▸ **To do**: Could you restate the data word for word?

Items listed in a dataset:
---
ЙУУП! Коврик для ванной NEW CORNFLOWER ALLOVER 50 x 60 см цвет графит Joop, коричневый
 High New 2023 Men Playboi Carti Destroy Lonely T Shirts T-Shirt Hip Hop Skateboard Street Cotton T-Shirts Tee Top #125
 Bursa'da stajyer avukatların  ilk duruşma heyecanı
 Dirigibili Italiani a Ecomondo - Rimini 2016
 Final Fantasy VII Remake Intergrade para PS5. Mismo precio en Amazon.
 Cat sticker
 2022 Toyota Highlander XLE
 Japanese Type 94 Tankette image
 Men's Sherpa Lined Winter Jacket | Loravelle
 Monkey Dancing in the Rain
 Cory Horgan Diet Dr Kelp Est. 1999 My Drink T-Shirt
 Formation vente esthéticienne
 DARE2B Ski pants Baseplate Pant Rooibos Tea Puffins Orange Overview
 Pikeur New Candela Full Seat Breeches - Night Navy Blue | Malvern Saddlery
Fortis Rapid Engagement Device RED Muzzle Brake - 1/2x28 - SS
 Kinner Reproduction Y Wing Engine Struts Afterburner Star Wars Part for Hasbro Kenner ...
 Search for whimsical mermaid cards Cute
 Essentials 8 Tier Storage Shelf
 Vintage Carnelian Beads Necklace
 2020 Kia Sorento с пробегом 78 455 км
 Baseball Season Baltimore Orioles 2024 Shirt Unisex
---
▸ **Exercise solution**:
ЙУУП! Коврик для ванной NEW CORNFLOWER ALLOVER 50 x 60 см цвет графит Joop, коричневый
 High New 2023 Men Playboi Carti Destroy Lonely T Shirts T-Shirt Hip Hop Skateboard Street Cotton T-Shirts Tee Top #125
 Bursa'da stajyer avukatların  ilk duruşma heyecanı
 Dirigibili Italiani a Ecomondo - Rimini 2016
 Final Fantasy VII Remake Intergrade para PS5. Mismo precio en Amazon.
 Cat sticker
 2022 Toyota Highlander XLE
 Japanese Type 94 Tankette image
 Men's Sherpa Lined Winter Jacket | Loravelle
 Monkey Dancing in the Rain
 Cory Horgan Diet Dr Kelp Est. 1999 My Drink T-Shirt
 Formation vente esthéticienne
 DARE2B Ski pants Baseplate Pant Rooibos Tea Puffins Orange Overview
 Pikeur New Candela Full Seat Breeches - Night Navy Blue | Malvern Saddlery
Fortis Rapid Engagement Device RED Muzzle Brake - 1/2x28 - SS
 Kinner Reproduction Y Wing Engine Struts Afterburner Star Wars Part for Hasbro Kenner ...
 Search for whimsical mermaid cards Cute
 Essentials 8 Tier Storage Shelf
 Vintage Carnelian Beads Necklace
 2020 Kia Sorento с пробегом 78 455 км
 Baseball Season Baltimore Orioles 2024 Shirt Unisex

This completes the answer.